She was a sales manager. Ordinary. The kind you don’t notice — not in the office, not on the subway, not even at parent-teacher meetings. Early forties. Short dark hair. A calm gaze. A tired smile by 9 a.m. Married. Child in preschool. Life — like so many others: office, reports, family duties, Friday exhaustion. Nothing remarkable. And perhaps that was her greatest talent — invisibility. Until she decided to step into the light.
Then — everything changed. She enrolled in a distance-learning program. Became a “therapist.”
These days, people throw that word around like confetti at a corporate party.
“I’m a therapist.”
“I’ll help you heal your trauma.”
“You’re a victim of manipulation.”
“You need to close your gestalt.”
Instantly. Based on three words in a DM. No diagnosis. No history. No silence — just bright labels and ready-made answers. As if the human psyche were a crossword puzzle, not a labyrinth.
Some, of course, actually know what they’re doing. They’re rare. But they exist. They don’t shout about themselves in Instagram Stories. They don’t promise healing in three sessions. They listen. They stay quiet when it matters. They don’t push. They don’t “rescue.” They simply — guide. Their work isn’t about power. It’s about trust. Patience. Helping someone find their own way out — not because they were told to, but because they felt: “I can.”

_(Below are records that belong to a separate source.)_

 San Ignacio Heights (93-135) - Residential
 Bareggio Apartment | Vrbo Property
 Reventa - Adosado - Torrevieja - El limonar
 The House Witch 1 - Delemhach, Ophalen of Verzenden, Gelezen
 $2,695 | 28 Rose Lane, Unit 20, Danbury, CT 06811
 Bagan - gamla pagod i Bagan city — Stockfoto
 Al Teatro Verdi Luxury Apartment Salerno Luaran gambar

But then… there are others.
I worked with one of them for four years. Let’s call her I. Over time, I learned to predict: when she’d switch into “I’m always right” mode, when she’d start applying pressure, when she’d turn a discussion into a hunt. Especially when it came to men, women, relationships, “who’s to blame.” Disagree? Her eyes would narrow. Her voice — soften. Her arguments — sharpen. She didn’t want to understand. She wanted to win. And the longer the argument lasted, the more she resembled a predator — not just eager to win, but determined to make you feel your defeat. To break yourself into pieces. Apologize. Agree. Disappear.

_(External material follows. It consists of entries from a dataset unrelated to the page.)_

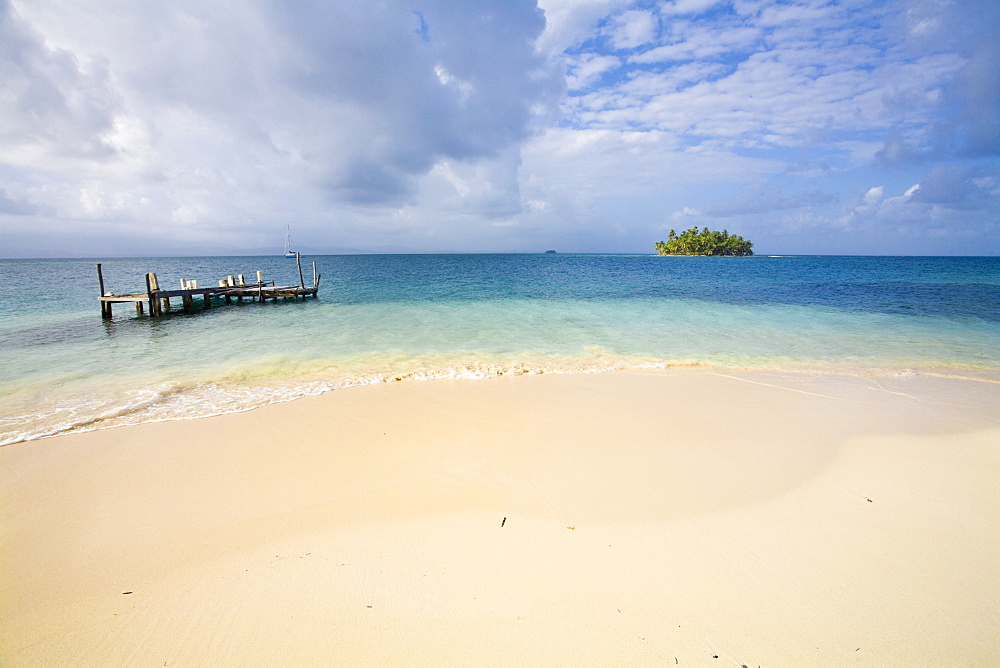 Beach on Kuanidup Grande, looking towards small island, Comarca de Kuna Yala, San Blas Islands, Panama, Central America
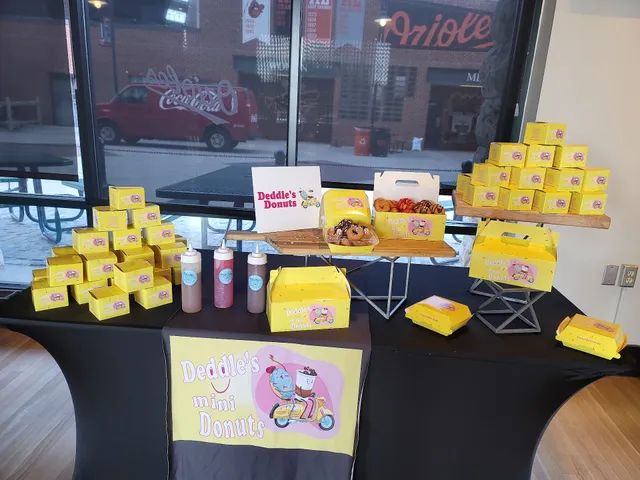 Deddle's Donuts Food Truck and Donut Shop Lexington Market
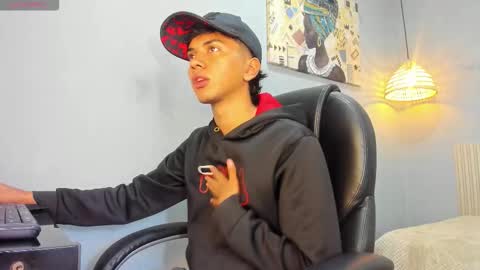 markbowie online show from 12-04-25, 11:52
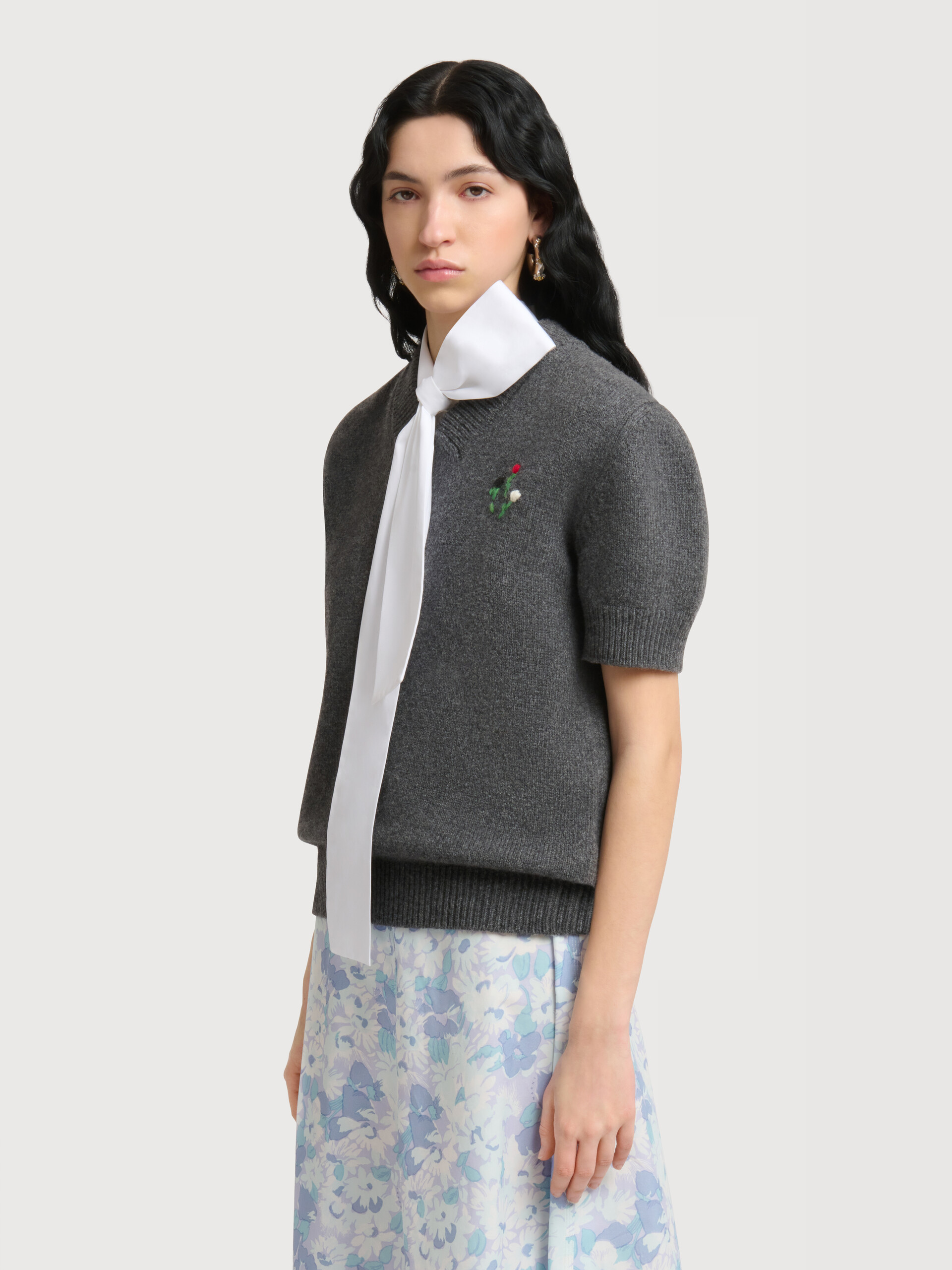 Grey wool-cashmere jumper with embroidered flowers - Pullovers - Image 3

Now, I. is a “therapist.” And she’s bringing her “wisdom” to those who need it most — the ones who’ve lost their footing. Who don’t believe in themselves. Who came for help… not judgment.
Imagine: you walk in carrying pain. Anxiety. That nagging feeling that “something’s wrong.” And she meets you with calm certainty: “You’re a victim. You’ve been used your whole life. You need to cut all ties. And start with me.” No silence. No space. Just a ready-made script — and you, cast as the protagonist being rescued. From whom? Yourself? The world? Your past?
This isn’t therapy. It’s a transfer of power. From the vulnerable — to the self-proclaimed “all-knowing.” And the scariest part? It works. Because a hurting person doesn’t crave truth. They crave a savior. And if no real professional is nearby, they’ll take the one who shouts loudest: “I know how you should live!”
We learn in school. Then university. Then — life. Real psychology should teach us: to think for ourselves. To make decisions. To not fear pain. To stop hiding behind borrowed diagnoses. But instead — we often seek out those who say: “It’s not your fault. It’s everyone else.” And that feels so comfortable. So warm. So… dangerous.
Because real help isn’t about “I know how you should live.”
It’s about: “I’m here. You’re not alone. Let’s figure this out — together.”
It’s slow. Unsensational. Doesn’t fit in an Instagram Story.
But it works.
So who are these new “therapists”?
Saviors?
Judges?
Or just people who found a way to turn someone else’s pain into their own source of significance?